» **Problem statement**
Please output the listing that follows exactly, but keep all images out.

» **Material to process**
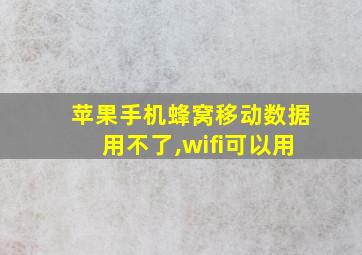 苹果手机蜂窝移动数据用不了,wifi可以用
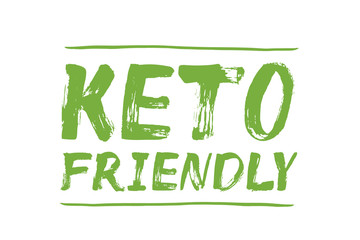 Keto Friendly - handdrawn green text, label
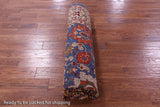Blue Persian Fine Serapi Hand Knotted Wool Rug - 7' 11" X 9' 8" - Golden Nile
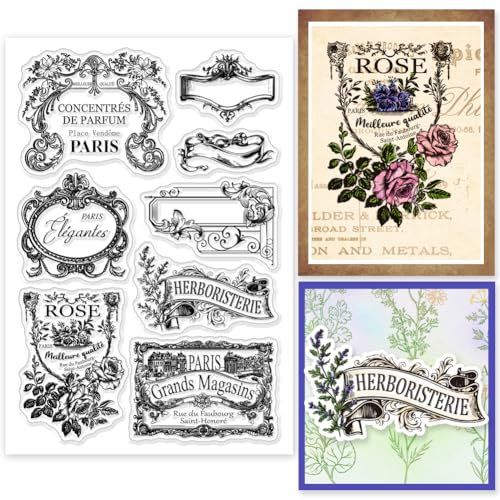 GLOBLELAND Vintage Französische Werbeanhänger Klare Silikonstempel Für DIY Kartenherstellung Rose Silikon Durchsichtige Dichtungsetiketten Eckenrahmen Dekorative Klare Stempel Für Scrapbooking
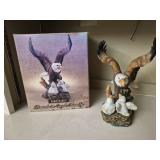 Porcelain Eagle Family figurine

» **Exercise output**
 苹果手机蜂窝移动数据用不了,wifi可以用
 Keto Friendly - handdrawn green text, label
Blue Persian Fine Serapi Hand Knotted Wool Rug - 7' 11" X 9' 8" - Golden Nile
 GLOBLELAND Vintage Französische Werbeanhänger Klare Silikonstempel Für DIY Kartenherstellung Rose Silikon Durchsichtige Dichtungsetiketten Eckenrahmen Dekorative Klare Stempel Für Scrapbooking
 Porcelain Eagle Family figurine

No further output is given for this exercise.